Sanderson Plumbing Products, 530 U.S. 133, 148, 120 S.Ct. 2097
(2000). This showing, however, is not always enough to prevent
summary judgment in favor of the employer. For instance, an
employer would be entitled to summary judgment “if the plaintiff
created only a weak issue of fact as to whether the employer’s
reason was untrue and there was abundant and uncontroverted
independent evidence that no discrimination occurred.” Id. Whether
summary judgment is appropriate in any particular case depends on
a variety of factors, including “the strength of the prima facie
case, the probative value of the proof that the employer’s
explanation is false and any other evidence that supports the
8
employer’s case and that properly may be considered.” Id.3 We
have said that summary judgment is inappropriate “if the evidence
taken as a whole (1) creates a fact issue as to whether each of the
employer’s stated reasons was what actually motivated the employer
and (2) creates a reasonable inference that [race] was a
determinative factor in the actions of which plaintiff complains.”
Vadie v. Mississippi State University, 218 F.3d 365, 373 (5th Cir.
2000), cert. denied, 121 S.Ct. 1092 (2001).
Both Pratt and Garrett established a prima facie case, and
both plaintiffs were facially more qualified for the position than
the white applicant who was hired. The City asserts a racially
non-discriminatory reason for the failure to promote either Pratt
or Garrett: Neither candidate completed the hiring process.
However, both Pratt and Garrett introduced evidence that the City
did not give them the opportunity to complete the hiring process.
This evidence creates significant fact issues with regard to the
City’s motivation for not promoting the plaintiffs. Given these
facts, the better resumes of the plaintiffs, the special treatment
Rutland received, and the allegations that Collins discriminated in
favor of white applicants on other occasions, a jury could
reasonably infer that the hiring process was manipulated, and that
it was pre-ordained that the white candidate would be awarded the
3
Although Reeves was based on a motion for judgment as a
matter of law, the standard is the same.
9
position over demonstrably better credentialed blacks. Under these
facts, it is for the jury to further decide the ultimate question
of whether the City of Houston denied either one of these
plaintiffs the promotion because of their race. We therefore
reverse the district court’s grant of summary judgment in favor of
the City.4
III
Because we conclude that the evidence as a whole creates a
question of fact with regard to the motivation behind the City’s
failure to promote Garrett and Pratt, and we find that a jury could
infer discrimination based on race, we REVERSE the district court’s
grant of summary judgment to the City, and REMAND for further
proceedings not inconsistent with this opinion.
R E V E R S E D and R E M A N D E D.
4
We recognize that, even if there is a finding of prohibited
discrimination, a remedy in this case may be problematic in that
only one position was available, and Pratt and Garrett were not the
only other applicants.
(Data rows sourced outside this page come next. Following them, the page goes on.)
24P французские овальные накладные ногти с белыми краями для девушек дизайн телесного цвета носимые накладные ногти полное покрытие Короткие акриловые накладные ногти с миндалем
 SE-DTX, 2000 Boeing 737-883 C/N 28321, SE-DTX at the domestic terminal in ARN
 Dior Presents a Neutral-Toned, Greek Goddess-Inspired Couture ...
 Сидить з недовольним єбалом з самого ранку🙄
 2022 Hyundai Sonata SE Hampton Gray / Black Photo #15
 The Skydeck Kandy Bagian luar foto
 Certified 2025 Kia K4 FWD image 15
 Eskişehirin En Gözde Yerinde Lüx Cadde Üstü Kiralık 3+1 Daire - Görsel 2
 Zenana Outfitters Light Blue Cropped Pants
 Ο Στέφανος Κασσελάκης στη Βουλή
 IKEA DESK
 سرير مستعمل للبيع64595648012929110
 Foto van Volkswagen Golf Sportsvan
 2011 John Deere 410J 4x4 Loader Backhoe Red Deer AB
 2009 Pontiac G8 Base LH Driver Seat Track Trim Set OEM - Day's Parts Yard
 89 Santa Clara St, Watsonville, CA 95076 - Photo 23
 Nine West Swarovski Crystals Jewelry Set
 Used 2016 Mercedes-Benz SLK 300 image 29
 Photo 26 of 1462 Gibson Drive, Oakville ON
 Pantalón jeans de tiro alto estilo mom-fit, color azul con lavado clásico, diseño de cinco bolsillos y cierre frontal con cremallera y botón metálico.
We make no comment on this; we simply note
the problem and leave it to the district court to resolve in the
course of further proceedings. See Arnold v. United States Dep’t
of the Interior, 213 F.3d 193, 196 (5th Cir. 2000)(“among multiple
job applicants who fail to secure the position because of
discrimination, only those who can prove that they would have
gotten the position but for the discrimination can recover
compensatory damages.”), cert. denied, 121 S.Ct. 1080 (2001).